**WORK TO COMPLETE**.
Could you repeat every line below exactly, skipping the images?

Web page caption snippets
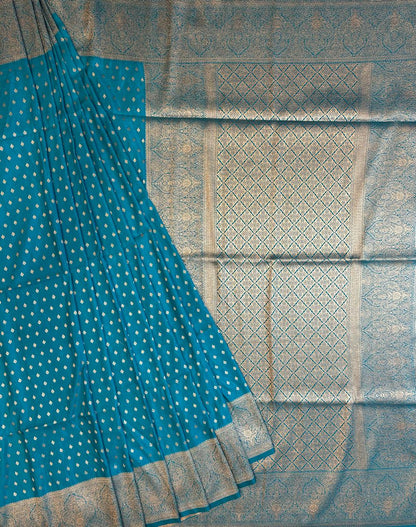 Blue color silk saree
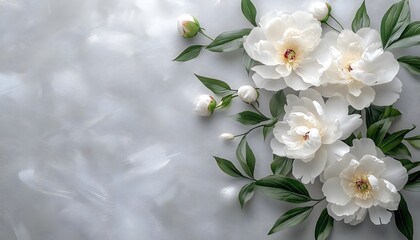 Fototapeta premium Soft white peony flowers on gray table background.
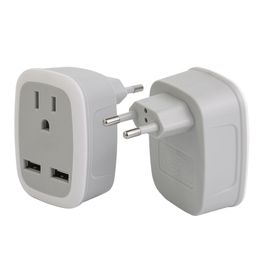 European Travel Plug European Plug Adapter 2USB American Standard to European Standard Plug European Standard to British Standard Socket for iPhone 14 13 Pro Xiaomi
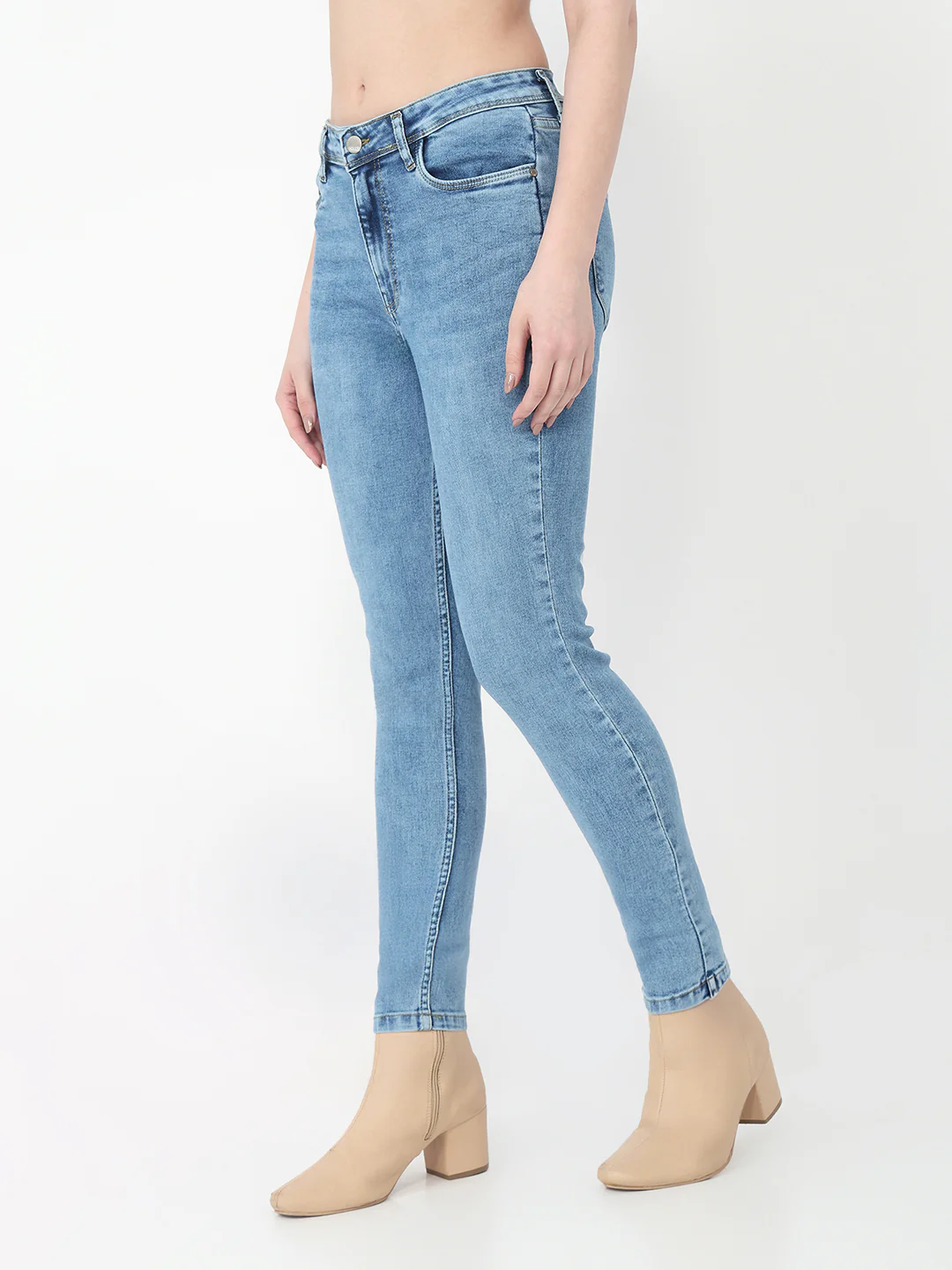 Women Blue High-Rise Skinny Jeans - Image 8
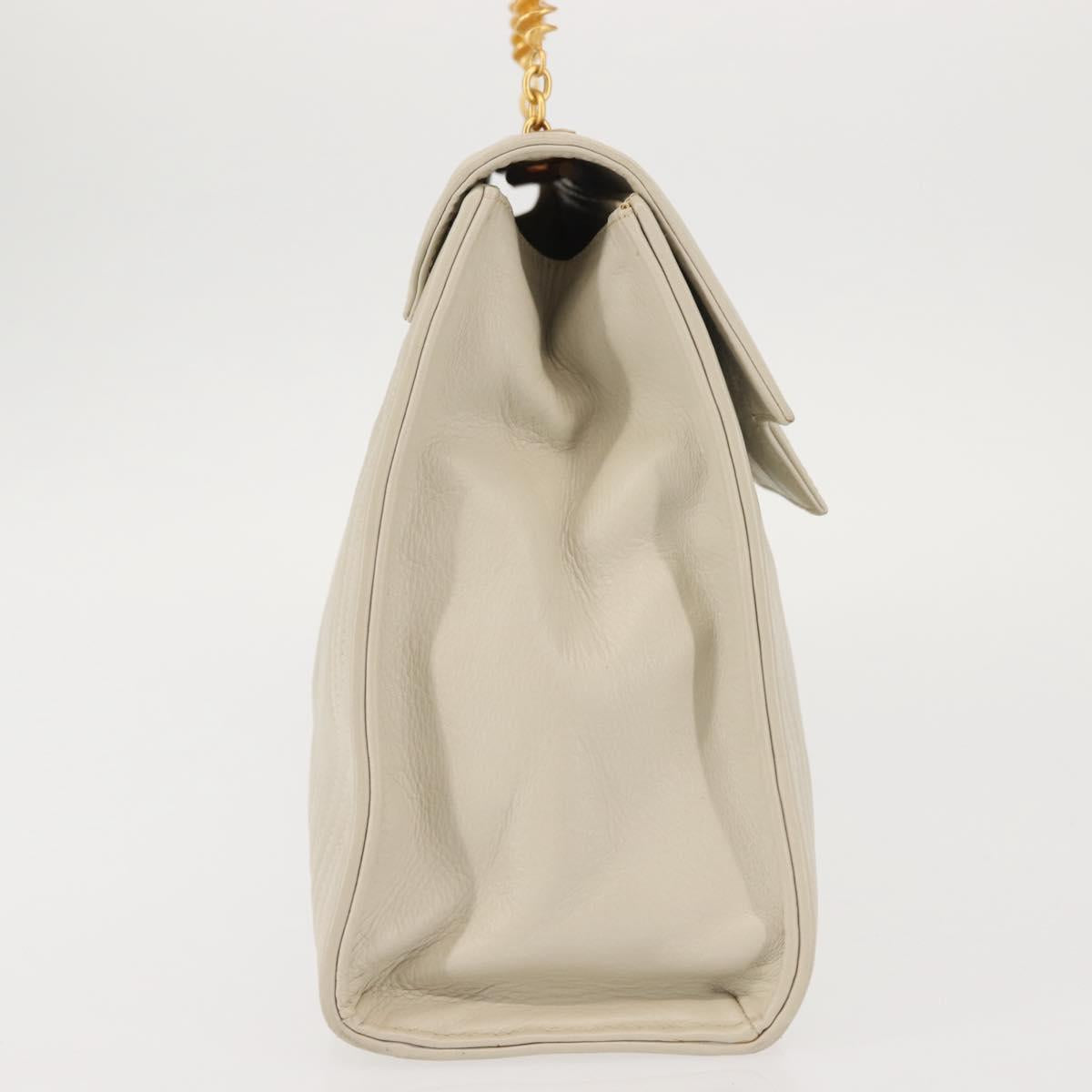 FENDI Hand Bag Leather Beige Gold Auth th6358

**ANSWER BELOW**.
 Blue color silk saree
 Fototapeta premium Soft white peony flowers on gray table background.
 European Travel Plug European Plug Adapter 2USB American Standard to European Standard Plug European Standard to British Standard Socket for iPhone 14 13 Pro Xiaomi
 Women Blue High-Rise Skinny Jeans - Image 8
 FENDI Hand Bag Leather Beige Gold Auth th6358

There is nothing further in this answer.